Он записал об этом дне: «Лозоход, очевидно, человек верующий, не шарлатан. Он понимает, что способность — от Бога. Перед обходом монастыря помолился. Владыка Нектарий и паломники удалились на молебен, а о. Серафим пошел вместе с водоискателем. С помощью двух щупов тот определял, где и глубоко ли под землей есть вода. Он быстро нашел подземный ключ (рыть надо было метров 20, зато воды было предостаточно). Потом о. Серафим указал на вырытую яму и попросил, нельзя ли найти источник воды поближе к ней. Лозоход нашел еще одно место — удобнее расположенное, чем первое, и сулящее еще больше воды. Потом обнаружил, где под землей сходятся два ключа (чуть выше по склону, за «библиотекой»), но место было явно труднодоступным. Еще с полчаса бродили они с о. Серафимом по монастырю: и за кладбище, и за Линдисфарн. Нашли еще несколько подземных источников, но менее мощных и более глубоких, чем у вырытого «пруда». Тем же часом о. Серафим по телефону договорился с умельцем по рытью колодцев и немедленно начал подготовку».

Итак, с благодатью священства неожиданно пришла и благодать животворящей воды. На месте будущего колодца поставили алтарный престол, перед иконой Богоматери «Живоносный Источник» читали молитвы, пели псалмы. Подъехало еще несколько паломников, в том числе сестра о. Германа с семьей. В церкви отслужили всенощную. В проповеди о. Герман просил всех горячо помолиться по столь значительному поводу — о рукоположении о. Серафима.

А поутру 11/24-го апреля 1977 года о. Серафим в присутствии сорока паломников был возведен в священнический сан. То было воскресенье жен мироносиц, и трое из присутствующих справили именины: Мария, Соломония (Саломия) и Сусанна. Алексея Янга посвятили во чтеца. В тот день, наряду с женами мироносицами, прославляли и св. Никодима — покровителя журнала Алексея.

Рукополагали о. Серафима во время Божественной литургии перед освящением Святых Даров. Он встал на колени, коснулся лбом престола и внимательно выслушал молитву о. Германа. Епископ же совершал хиротонию: возложил архиерейский омофор, руки свел над головой о. Серафима. Видно было, сколь он сосредоточен. Лицо покраснело, покрылось капельками пота. Отец Герман неотрывно смотрел на Владыку. Внезапно их взгляды встретились. «Одного жажду, — прошептал праведный иерарх, — передать. передать — и умереть!» Все Богоданные силы свои употребил он, чтобы передать апостольскую благодать и святость Оптиной.
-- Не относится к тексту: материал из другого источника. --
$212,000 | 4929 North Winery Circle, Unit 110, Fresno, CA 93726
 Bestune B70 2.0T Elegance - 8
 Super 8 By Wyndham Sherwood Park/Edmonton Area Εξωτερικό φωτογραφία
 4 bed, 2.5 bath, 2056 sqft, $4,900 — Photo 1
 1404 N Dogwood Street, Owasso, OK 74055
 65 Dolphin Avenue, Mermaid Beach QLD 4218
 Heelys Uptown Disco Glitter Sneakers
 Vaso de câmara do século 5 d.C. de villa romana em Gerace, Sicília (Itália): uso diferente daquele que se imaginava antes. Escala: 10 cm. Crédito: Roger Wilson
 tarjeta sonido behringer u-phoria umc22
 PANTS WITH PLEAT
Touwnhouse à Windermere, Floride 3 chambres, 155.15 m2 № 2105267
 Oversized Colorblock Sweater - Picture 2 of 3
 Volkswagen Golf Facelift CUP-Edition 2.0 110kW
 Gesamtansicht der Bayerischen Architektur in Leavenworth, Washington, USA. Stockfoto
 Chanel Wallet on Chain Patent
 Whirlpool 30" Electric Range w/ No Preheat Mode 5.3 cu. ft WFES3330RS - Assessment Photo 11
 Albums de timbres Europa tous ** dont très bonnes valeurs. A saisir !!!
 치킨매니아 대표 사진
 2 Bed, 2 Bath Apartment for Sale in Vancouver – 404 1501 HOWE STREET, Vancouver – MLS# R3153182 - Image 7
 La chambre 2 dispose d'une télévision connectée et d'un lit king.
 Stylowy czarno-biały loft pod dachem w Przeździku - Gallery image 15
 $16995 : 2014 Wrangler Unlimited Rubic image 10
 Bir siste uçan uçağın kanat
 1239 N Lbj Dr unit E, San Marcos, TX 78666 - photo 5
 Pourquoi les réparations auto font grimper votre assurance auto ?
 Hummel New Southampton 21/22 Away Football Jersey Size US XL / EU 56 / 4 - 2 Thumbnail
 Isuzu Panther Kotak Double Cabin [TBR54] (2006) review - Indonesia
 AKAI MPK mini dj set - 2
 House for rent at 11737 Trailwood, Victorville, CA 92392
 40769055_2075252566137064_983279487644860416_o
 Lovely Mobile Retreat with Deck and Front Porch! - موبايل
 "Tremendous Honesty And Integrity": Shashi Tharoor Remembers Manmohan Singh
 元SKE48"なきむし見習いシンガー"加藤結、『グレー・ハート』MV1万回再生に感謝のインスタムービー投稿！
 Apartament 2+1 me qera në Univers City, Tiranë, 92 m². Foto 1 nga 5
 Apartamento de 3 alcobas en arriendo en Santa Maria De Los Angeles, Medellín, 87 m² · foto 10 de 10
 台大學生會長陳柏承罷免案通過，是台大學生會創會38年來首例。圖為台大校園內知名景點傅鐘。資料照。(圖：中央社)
Отец Герман, молясь, благоговел: перед ним человек, желающий возрождения истинной духовности христианства. И на излете жизни передающий следующему поколению то, что некогда Христос дал Своим апостолам. И нет ничего важнее!

Еп. Нектарий был слаб, стар и болен, его застращали и утеснили мирские люди, поставленные править неотмирным Телом Христовым. И сейчас перед этим старцем стоял на коленях тот, на кого Владыка возлагал большие надежды для будущего христианства. «Духовный голод», предсказанный его любимым соименным оптинским старцем, уже свирепствует в мире. Оттого столь редок и неповторим стоящий перед ним. Еп. Нектарий в одиночестве исповедовал истинный дух христианства. Земная жизнь давно превратилась для него в череду страданий и борьбы, переносимых из любви к Богу. Земной славы он не стяжал. Архиерейской власти, данной ему Богом, был лишен людьми. Да, он — слабый человек, и вместе с тем — живой Апостол Христов. И неотмирное, невыразимое словами владычество его неисповедимо передалось дальше — то были Сила и Свет Христовы. И ничто не способно прервать живой апостольской преемственности до скончания времен.

ПРИМЕЧАНИЯ:

62. Святые отцы видят в «жене облеченной в солнце», убежавшей в пустыню, символ Церкви последних времен.

63. Отец Серафим уподоблял архиеп. Аверкия свят. Иоанну Златоусту.

64. Текст был составлен самими отцами.

65. Во 2-ой главе Деяний апостолов видим аналогичную картину. Апостолы исполнились Святого Духа, а многие говорили, что они напились вина.